I've thought about taking my mask off. Of reaching up, ripping it off, and throwing it to the side - but I won't. I've let a few people see under it, and oh, they say they will pray for me, pat me on the back, but they move to the other side of the church. I've heard others at church make statements that ripped me apart - what they think of the person under my mask - not knowing that my mask is covering that. If they saw under my mask, they wouldn't pray for me. They would pull their righteous robes around them and adjust their own mask, and shove me out of their sight.
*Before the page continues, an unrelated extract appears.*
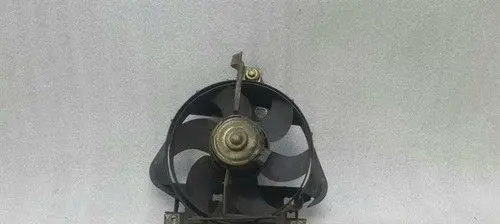 Porsche Cayman 987 Radiator cooling fan shroud 98662403601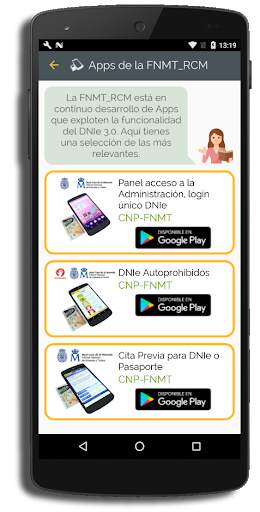 Lector de DNIe para PC, usando el movil screenshot 8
  Those fears are gone. What people said in the past is still there. It is possible I am the topic of gossip and some people may feel revulsion if they know what I deal with. It is possible that some at my church view me as a leper to avoid.  And it is a fact that it is rare that anyone talks to me about what I struggle with........ but that is OK. I am not the Mark of 2010. This is a new and freer Mark. A Mark that knows I am not a freak or abomination, that God does love me, and that there are other people in church - even my church - who have struggles and don't have it all together.

  Church still isn't everything I would like it to be, and what I feel it needs to be..... but I no longer go as if I was going to a masquerade party. My mask is gone. Maybe I am more honest and open than some would like me to be, but I can't put the mask back on. This is the real me. The me that God loves with a love I will never understand.